» ACTIVITY
Only the lines from the beginning of the material below through the line with "Halloween Nail Art Stickers, Cute" should be retyped exactly, and pictures are to be skipped.

» MATERIAL PROVIDED
>>>>>
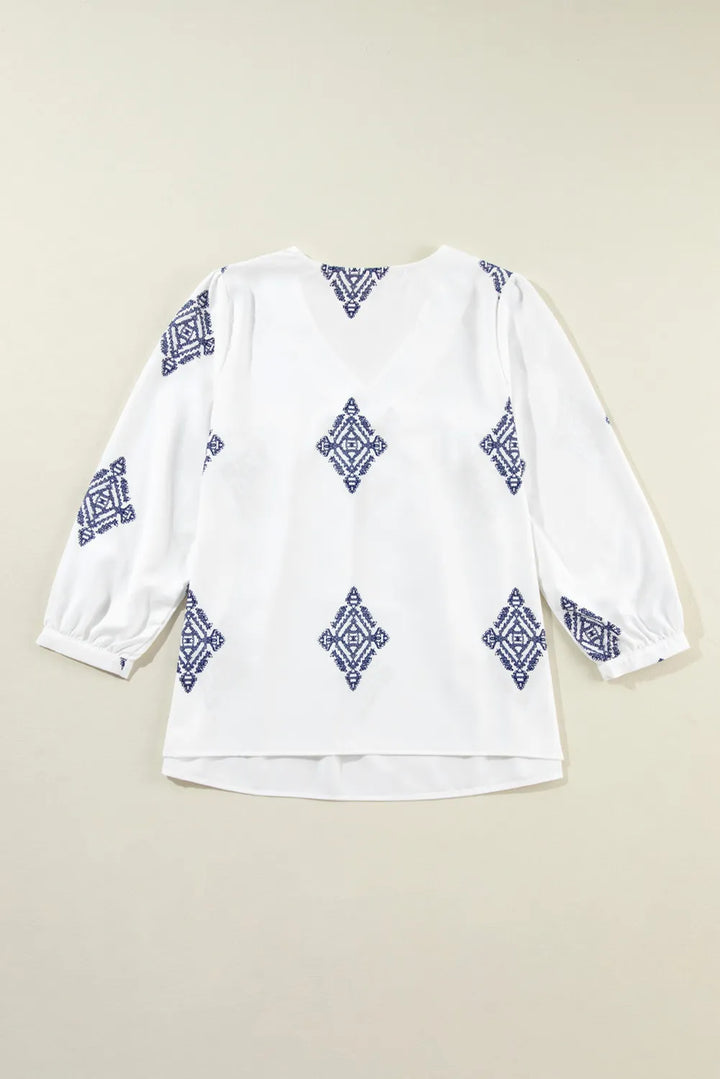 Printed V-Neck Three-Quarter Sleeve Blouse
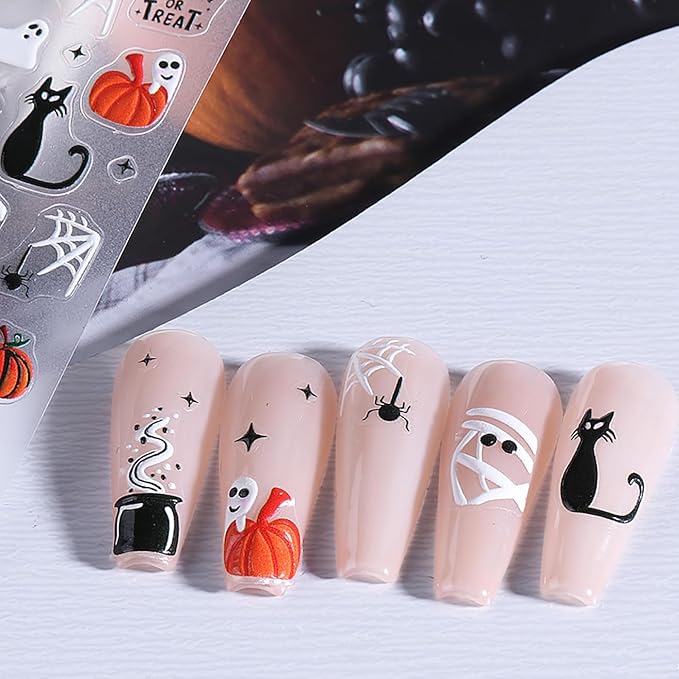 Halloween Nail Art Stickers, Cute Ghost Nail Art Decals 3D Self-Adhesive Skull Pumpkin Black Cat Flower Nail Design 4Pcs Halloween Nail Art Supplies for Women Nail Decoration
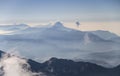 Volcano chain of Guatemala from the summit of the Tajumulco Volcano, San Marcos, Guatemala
<<<<<
» TASK SOLUTION
 Printed V-Neck Three-Quarter Sleeve Blouse
 Halloween Nail Art Stickers, Cute Ghost Nail Art Decals 3D Self-Adhesive Skull Pumpkin Black Cat Flower Nail Design 4Pcs Halloween Nail Art Supplies for Women Nail Decoration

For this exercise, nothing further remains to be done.